Plaintiff testified that he lives with his sister and brother-in-law. AR 77. Plaintiff testified that he does not drive because he does not have a car, so his brother-on-law drives him. AR 77-79. Plaintiff further testified that he did not finish high school, nor did he receive a GED. AR 79-80. Plaintiff has had no vocational or educational training. AR 80.
Plaintiff testified that in September 2013 he worked for a couple of months in shipping and receiving at S&F Fuel in Arkansas. AR 80-81. The company then changed its name to Tiger Mart. AR 81. There Plaintiff worked as a manager, where he would work the register, clean pumps and bathrooms, sweep and mop floors, order products, change prices, restock the shelves, and other duties. AR 82-83. At Tiger Mart, Plaintiff was walking and standing most of the day, would lift products weighing about 25 pounds, supervised four people, and was involved in hiring and firing. AR 84.
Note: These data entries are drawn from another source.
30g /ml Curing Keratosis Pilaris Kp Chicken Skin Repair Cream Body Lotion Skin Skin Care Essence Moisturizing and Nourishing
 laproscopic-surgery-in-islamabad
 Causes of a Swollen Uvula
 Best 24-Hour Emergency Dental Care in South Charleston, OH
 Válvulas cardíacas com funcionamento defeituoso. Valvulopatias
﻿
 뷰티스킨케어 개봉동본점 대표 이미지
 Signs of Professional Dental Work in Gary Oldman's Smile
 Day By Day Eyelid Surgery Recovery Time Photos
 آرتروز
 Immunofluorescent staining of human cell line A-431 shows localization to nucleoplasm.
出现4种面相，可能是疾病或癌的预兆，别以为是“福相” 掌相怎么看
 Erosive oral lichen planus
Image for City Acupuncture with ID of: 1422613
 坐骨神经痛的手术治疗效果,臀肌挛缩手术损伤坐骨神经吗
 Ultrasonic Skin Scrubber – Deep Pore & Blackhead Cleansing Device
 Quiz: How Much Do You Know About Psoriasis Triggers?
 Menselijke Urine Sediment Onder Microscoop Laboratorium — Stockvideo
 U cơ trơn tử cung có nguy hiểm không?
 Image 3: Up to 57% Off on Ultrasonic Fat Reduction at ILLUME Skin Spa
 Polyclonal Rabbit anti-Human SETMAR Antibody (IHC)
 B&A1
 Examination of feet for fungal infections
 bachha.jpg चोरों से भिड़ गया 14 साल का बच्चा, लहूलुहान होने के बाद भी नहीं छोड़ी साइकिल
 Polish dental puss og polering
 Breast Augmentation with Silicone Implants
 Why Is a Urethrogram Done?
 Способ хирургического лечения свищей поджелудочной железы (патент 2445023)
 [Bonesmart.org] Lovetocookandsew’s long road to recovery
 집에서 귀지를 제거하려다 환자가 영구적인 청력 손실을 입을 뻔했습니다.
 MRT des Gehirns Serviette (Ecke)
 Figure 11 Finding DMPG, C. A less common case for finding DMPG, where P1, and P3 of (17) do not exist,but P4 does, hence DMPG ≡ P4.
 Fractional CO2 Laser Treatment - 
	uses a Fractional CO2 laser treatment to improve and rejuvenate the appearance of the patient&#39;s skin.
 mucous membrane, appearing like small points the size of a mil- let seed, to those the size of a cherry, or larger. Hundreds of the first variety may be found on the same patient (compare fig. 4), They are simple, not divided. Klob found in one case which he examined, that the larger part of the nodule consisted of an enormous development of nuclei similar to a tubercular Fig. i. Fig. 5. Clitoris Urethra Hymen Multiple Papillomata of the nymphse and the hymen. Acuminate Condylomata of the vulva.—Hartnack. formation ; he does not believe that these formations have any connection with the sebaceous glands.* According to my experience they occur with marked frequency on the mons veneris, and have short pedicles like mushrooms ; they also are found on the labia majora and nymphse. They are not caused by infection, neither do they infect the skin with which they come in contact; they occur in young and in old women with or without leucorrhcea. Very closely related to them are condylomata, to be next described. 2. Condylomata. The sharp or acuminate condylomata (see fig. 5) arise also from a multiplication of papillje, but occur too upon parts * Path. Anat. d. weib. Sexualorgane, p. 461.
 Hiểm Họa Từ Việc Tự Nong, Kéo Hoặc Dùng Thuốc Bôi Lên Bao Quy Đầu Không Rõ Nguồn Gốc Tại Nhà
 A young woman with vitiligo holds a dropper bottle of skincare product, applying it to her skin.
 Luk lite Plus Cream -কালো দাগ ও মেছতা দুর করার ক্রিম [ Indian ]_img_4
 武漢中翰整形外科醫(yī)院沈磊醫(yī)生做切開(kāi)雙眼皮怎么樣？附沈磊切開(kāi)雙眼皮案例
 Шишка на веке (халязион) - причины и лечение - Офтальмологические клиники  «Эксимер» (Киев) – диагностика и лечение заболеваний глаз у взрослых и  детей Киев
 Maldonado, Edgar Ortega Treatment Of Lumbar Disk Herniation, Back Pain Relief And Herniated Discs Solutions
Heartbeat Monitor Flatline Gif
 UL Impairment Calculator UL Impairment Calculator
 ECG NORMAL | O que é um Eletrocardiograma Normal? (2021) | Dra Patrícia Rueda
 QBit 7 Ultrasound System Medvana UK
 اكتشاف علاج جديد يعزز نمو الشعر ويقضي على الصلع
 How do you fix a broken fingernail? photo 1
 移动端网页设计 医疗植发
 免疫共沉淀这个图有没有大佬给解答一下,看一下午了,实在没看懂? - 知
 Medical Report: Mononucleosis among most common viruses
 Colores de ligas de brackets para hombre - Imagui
Plaintiff also testified that he worked for a motorcycle shop called American Sundiro. AR 85-86. There Plaintiff worked as a shipping and receiving clerk. AR 86. In this position, Plaintiff was walking or standing the entire workday, and lifted and carried up to 30-40 pounds at a time. AR 87-88. When asked to clarify the work by the VE, Plaintiff testified that he prepared shipping labels but did not conduct any calculations for shipping. AR 89-90. Plaintiff then testified that he worked a seasonal position for Walmart in 2013 as a shipper. AR 90.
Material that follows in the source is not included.